You’ll usually see this one on processed meat products, like bacon. In fact, the full text will usually read, “Use or Freeze by.” This shows you how long you can keep the food cold and still be good. Many foods can be frozen for long-term storage after you get home from the store. But to maintain the best taste, you should move the food to the freezer to keep from throwing it away. 

When Can You Throw It Away

All your life you’ve probably heard rules or stories about not eating spoiled food. But that doesn’t really mean you know how to tell when food is still good. A lot depends on the type of food and the individual food itself. The rules, therefore, are just general guidelines that will apply on a case-by-case basis. 

The Nose Knows

Smell is one of the best senses we have regarding food. Smell is usually much more important than taste in our judgment of good food. Before the food ever gets close to your eating it, take a good sniff. If it doesn’t smell good, it isn’t. 

That’s not the only sign of spoilage. Spoilage is the key to the U.S. Food and Drug Association’s definition of using a date on a product label. “If the date passes during home storage, a product could still be safe and wholesome if handled properly until the time spoilage is evident.” 

Another sense to use is your eyes. An obvious sign of food going bad is the presence of mold. On cheese and bread, it can be cut away and the rest of the food is good. But it’s a clue that this is the last time you can use it. On meat and vegetables, it’s straight into the trash, nothing else will do. We bachelors are particularly familiar with the fuzzy green thing lurking at the back of the refrigerator. 

What? Do you Need More?
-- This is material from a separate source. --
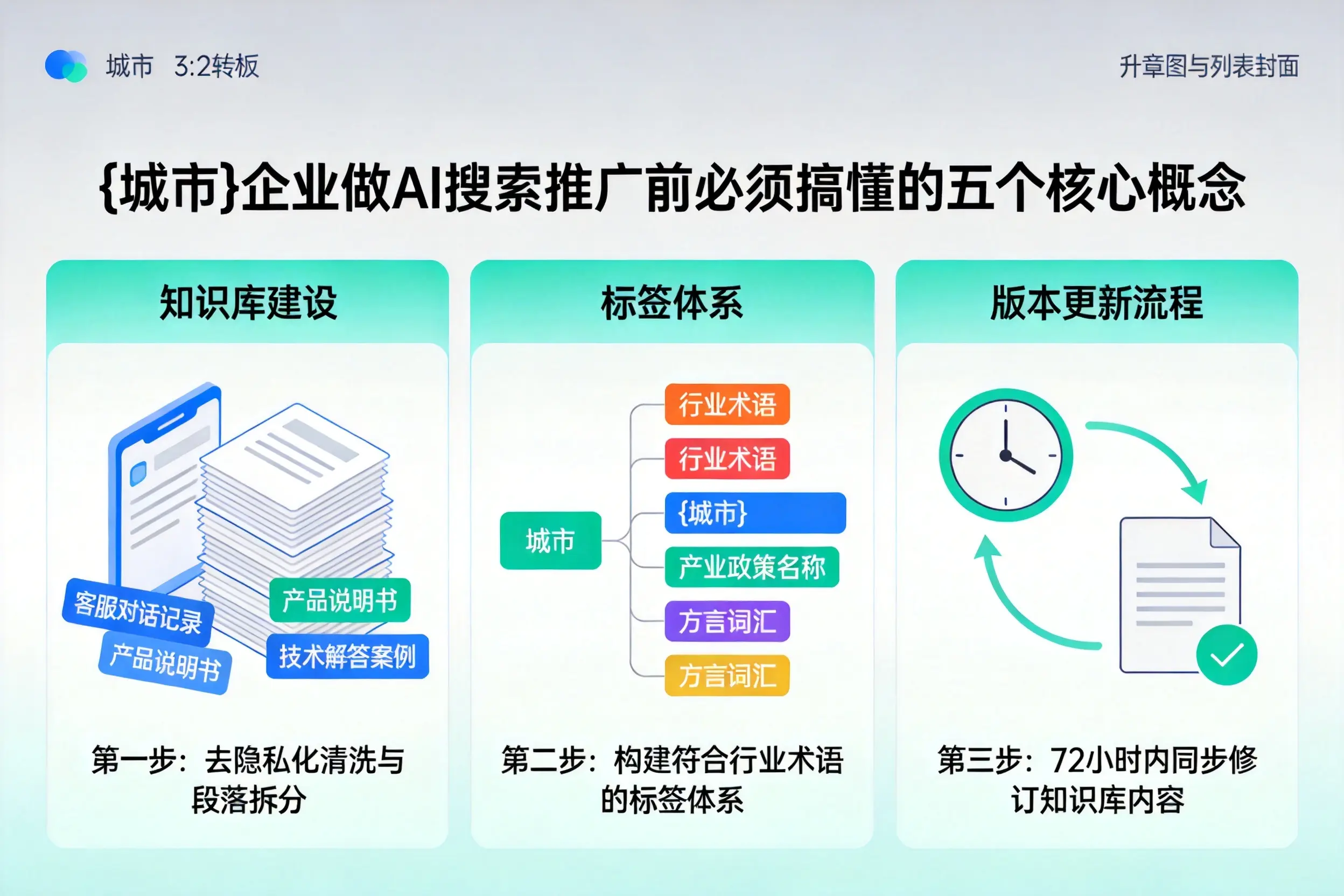 大宁企业做AI搜索推广前必须搞懂的五个核心概念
Okay.

These general food safety guidelines for storing food come from the USDA Food Safety and Inspection Service. 

For Refrigerated Foods:

  • Ground Meat and Stew Meat: 1-2 days
  • Fresh Meat (Beef, Veal, Lamb, and Pork): 3-5 days
  • Fresh Poultry: 1-2 days
  • Lunch Meat: 2 weeks unopened, 3-5 days open
  • Fresh Fish and Shellfish: 1-2 days
  • Eggs, fresh in the shell: 3-5 weeks
  • Mayonnaise: 2 months
  • Milk: 1-2 weeks

Non-refrigerated Foods:

  • Rice and dried pasta: 2 years
  • High-acid canned foods (such as tomatoes, grapefruit, pineapple): 12-18 months unopened
  • Low-acid canned foods (such as meat, poultry, fish, and vegetables): 2-5 years, unopened

The key to all of these rules is SAFE storage. Keeping things at the right temperature, well wrapped (if appropriate) and exposed to as little air as possible. You can stretch that food a bit further by freezing leftovers. Also, remember to use proper thawing and reheating techniques. Seasonal fresh foods, like fruits and vegetables, can be home-canned to enjoy through the cold Winter months. 

Even with all these methods of getting the most out of your food, nothing last forever. Even frozen foods have a limited amount of time they can stay in the home freezer without deteriorating. 
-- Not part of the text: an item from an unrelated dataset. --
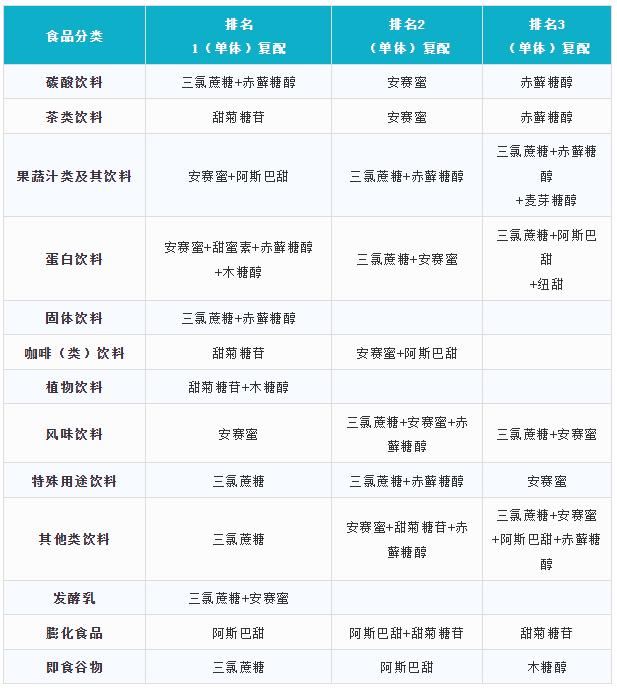 甜味剂火热是品牌背后的*局骗**？分析下那些食品大企业是如何应用的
If you can’t freeze it before it goes bad, make sure your refrigerator is operating at the correct temperature. Remember the Food Danger Zone, temperatures between 40 and 100 degrees Fahrenheit. Food needs to be below or above that zone, and that means cooked or refrigerated. 
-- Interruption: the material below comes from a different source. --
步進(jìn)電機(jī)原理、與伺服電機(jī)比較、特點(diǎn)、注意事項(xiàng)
With all these rules, you would think our food supply should be pretty clean. And it is, compared to most other countries. But you can get hit by a foodborne illness at any time because contamination was not detected in time. Fortunately, in most cases, food poisoning is annoying and will pass through the body in a couple of days. But, if you follow good food safety rules, at least you won’t make yourself or your guests sick.